We will hold these at 11am on the 19th, 22nd, 29th June and the 6th July


“Data is the single biggest enabler of a decarbonised, decentralised and digitised energy future. It’s the tool that will bridge the gap between where we are now vs. where we need to be to achieve net zero.”
Matt Hastings, Innovate UK, Modernising Energy Data Access

We are absolutely delighted to announce that we are one of the three winners to work on the first phase of the UKRI-funded Modernising Energy Data project—to identify where the opportunities and challenges lie with data sharing within the energy sector.

Icebreaker One works to help bridge the data-gaps that will help deliver a demonstrably net-zero future.

As a non-partisan, independent non-profit, we are completely dedicated to contributing to the development of open standards for data-sharing across the energy sector & beyond.

One thing to be crystal clear about up-front is that we use the phrase “Open Energy” to indicate that the standard is open, not that all the data should be open (ie. it’s not a free-for-all). We define shared-data here.

Please share this page with your colleagues if of interest.

How might we better manage the complex needs of energy supply and demand?

While it requires technology, data-sharing isn’t really a technology problem: we have an abundance of technologies. What we need to work out includes, but is not limited to:

  • Data rights
  • Liability models
  • Dispute resolution and redress
  • Consent & consent management
  • Security
  • Legal frameworks
  • Usability 
  • Logistics
  • Technology architecture
  • Operating principles

Technology architecture is only one component of the systems view needed to address data-sharing in a whole-market context. We need to work through the business models that enable value to flow. We look at value through the lenses of both the commercial sector to address risk, efficiency and profit—and through the public sector lens of how to create open-markets, enable appropriate regulation and maximise our potential to address climate change.

What’s changed?

Our energy is no longer supplied by a small number of power plants — it used to be ‘relatively’ easy for network managers and system operators to get information about and manage the whole system.

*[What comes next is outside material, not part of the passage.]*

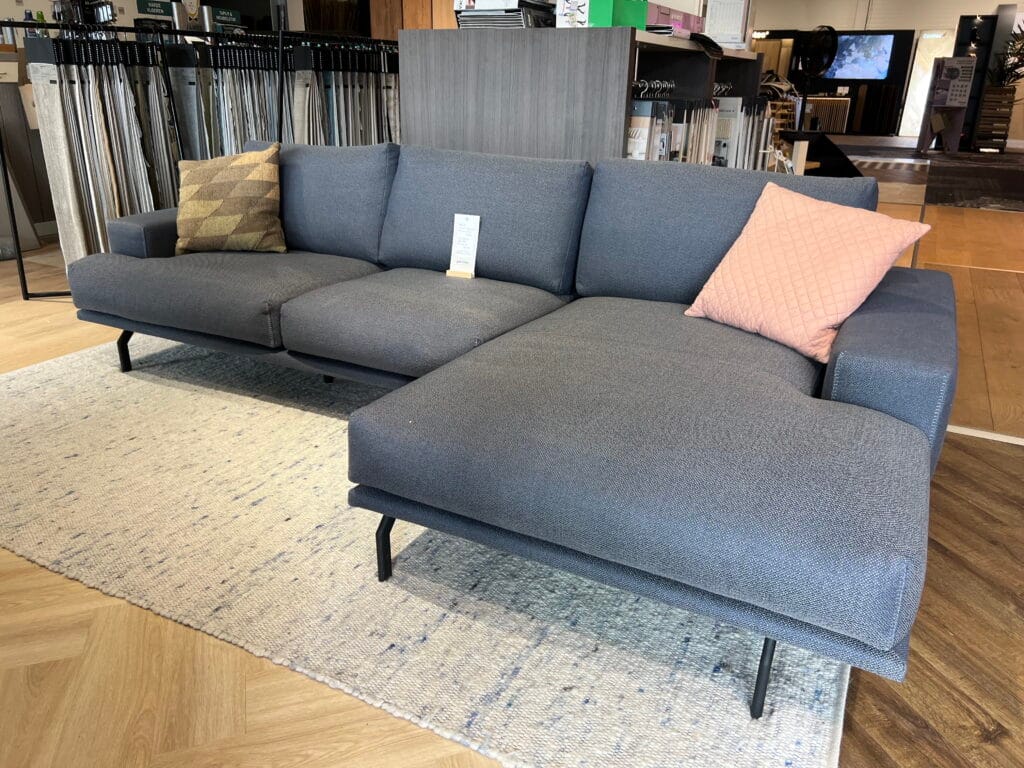 Live Today meubels bij PVC en Laminaat Utrecht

As the number of energy sources has skyrocketed, and the number of users is increasing, we have moved to a more diverse and federated energy system. We have a growing number of energy providers (multiple micro-generators distributed across the country with multiple owners) and more users (e.g. beyond commercial and domestic, to new transport-needs such as electric cars).

The complexity of balancing our energy supply and demand is increasing and will only continue to increase.

These systems are changing the ways in which operators balance energy demand and supply. One challenge area is that (as with all infrastructures that have evolved over decades) they have not been designed from the ground-up for data-sharing in the ways that have become possible over the last decade.

The vast digital and data revolutions we are in the midst of are opening up huge opportunities to think about how we can meet our current, emerging and future needs. At the same time, there are still many questions about how to best manage this.

So what?

For example, renewables are highly dependent on weather data. We all know how unpredictable the weather is— its variability makes it hard to model both renewable power generation and customer demand.  The data needed for comprehensive modelling can often be incomplete, or untimely and easier sharing could help reduce costs across the whole system.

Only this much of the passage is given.